Mais, si les légitimistes crurent prudent de montrer une joie moins expansive, leur satisfaction intérieure ne se dissimulait guère. Je vis arriver à Châtenay la duchesse de Maillé, parée et pimpante plus qu’elle ne l’avait jamais été. Elle venait récolter près de moi les détails dont elle me pensait instruite, sachant que j’avais été la veille à Neuilly.

Je compris sur-le-champ le but de sa visite, et me promis de n’y point satisfaire. Je me jetai dans tous les lieux communs les plus insignifiants ; mais elle prétendait ne pas avoir fait une aussi longue route pour ne rien rapporter à son monde.

Elle m’assura s’être fort préoccupée de moi depuis deux jours. — Elle était bien bonne… Ne trouvait-elle pas mes gazons très jaunis par le soleil ? Son jardin de Paris subissait-il le même sort ?
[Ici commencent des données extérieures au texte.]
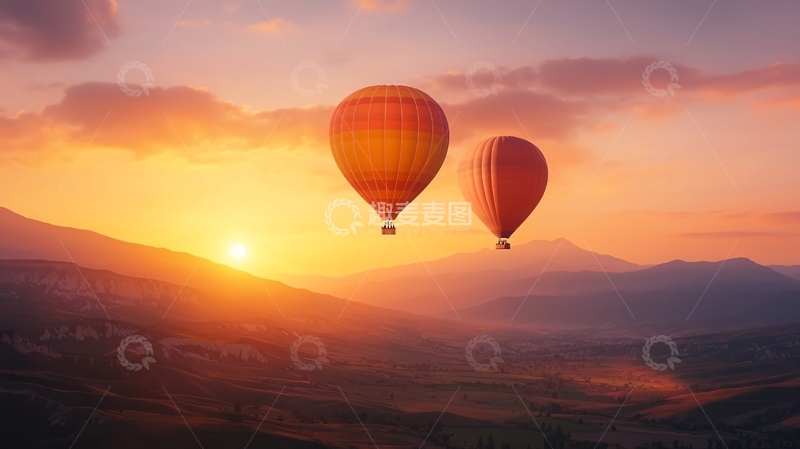 高清大图下载【趣麦麦图】热气球在日落时飞越山脉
Ne voulant pas, décidément, avoir le démenti de sa démarche sur la question principale, elle se pencha à mon oreille et me dit à demi-voix, sans autre préambule :

« On assure la pauvre mère devenue folle, cela est-il vrai ! »

Je répondis le plus indifféremment qu’il me fut possible :

« Je ne le sais pas, mais cela me paraît très probable.

— Ah ! je vous assure, chère cousine, que personne n’y porte d’esprit de parti. Tout le monde la plaint.